Vision Dataset Governance & Contract Enforcement Engine

Version 5.0.0 PyPI Version Python 3.8+ Downloads


"Define declarative contracts, run pytest-style assertions on your image datasets, and prevent training regressions in CI/CD."


📖 Documentation💬 Report Bug / Discuss


⚡ What is imgshape v5.0.0 "Covenant"?

imgshape is a CI/CD-native developer tool and Python library for vision ML dataset governance. It transitions from heuristics to a strict contract-driven validation framework.

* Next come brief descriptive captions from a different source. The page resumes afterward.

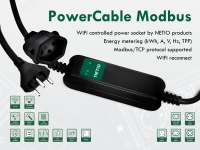 Remote controlled WiFi power socket PowerCable Modbus 101J with Open API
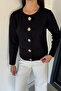 Gülseli Women's Button Detailed Knitwear Jacket - 3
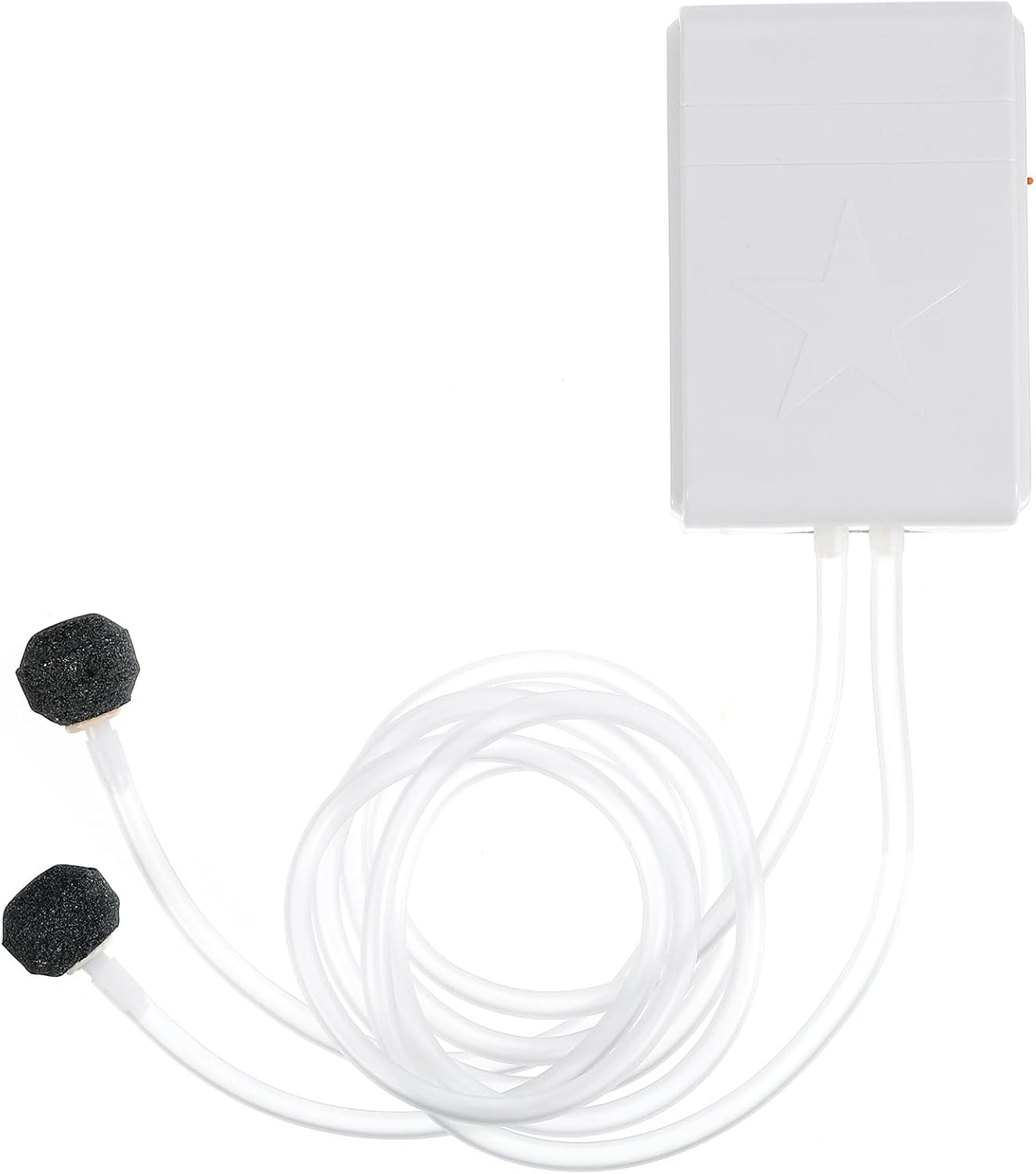 NUOBESTY Portable Dual Outlet Aquarium Air Pump USB Fish Tank Oxygen Pump Silent Mini for Fish and Aquatic Pets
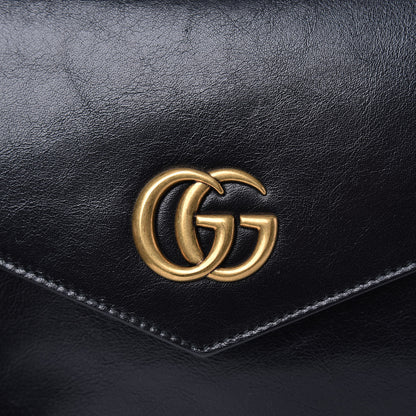 Gucci Calfskin Diagonal GG Medium Thiara Double Envelope Shoulder Bag Emerald Green Black 8 of 11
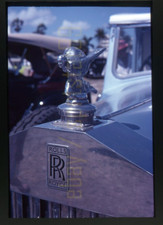Rolls Royce Hood Ornament Emblem - 1977 Auto Show - Vintage 35mm Car Slide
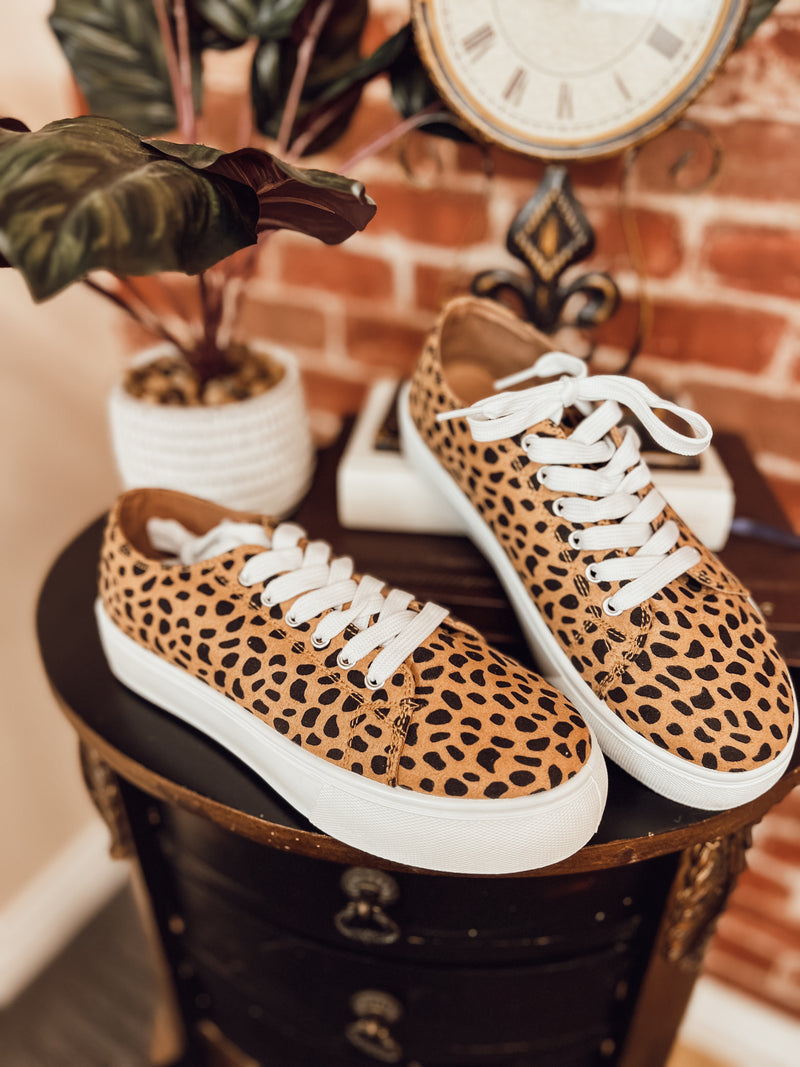 Shelley Leopard Sneaker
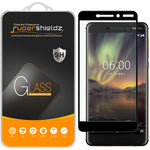 2 Pack Supershieldz Designed For Nokia 6 1 Nokia 6 2018 Tempered Glass Screen Protector Full Screen Coverage Anti Scratch Bubble Free Black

By running deterministic audits across spatial, signal, distribution, quality, and semantic dimensions, imgshape ensures that your training and validation pipelines run on verified, regression-free, and high-fidelity datasets.

🔑 Core Features

  • 📄 Declarative Dataset Contracts: Write YAML schemas enforcing channel configurations, format restrictions, resolution bounds, entropy ranges, and maximum allowed corruption or duplicate rates.
  • 🧪 pytest-style Dataset Testing (imgshape test): Run automated assertions on image folders with clean, tabular console summaries and markdown/JSON output renderers.
  • 📐 Git-style Dataset Diffing (imgshape diff): Compare a baseline and candidate dataset to detect statistical shifts, class imbalances, and semantic drift using DINOv2 embeddings.
  • 🔒 Cryptographic Audit Trails: Generates content-hashed provenance_id metadata and writes cross-platform .fingerprint_lock lockfiles to track and seal dataset state.
  • 🚀 Ultra-lean & Portable: 100% Python library with a CLI. No Node.js, React UI, Streamlit, or local web servers. Fits perfectly into GitHub Actions, GitLab CI, or local terminals.

⚡ Quick Start

1. Install imgshape

# Install core package (minimal dependencies)
pip install imgshape

# Install with PyTorch support for semantic drift & GPU acceleration
pip install "imgshape[full]"

2. Define a Dataset Contract (contract.yaml)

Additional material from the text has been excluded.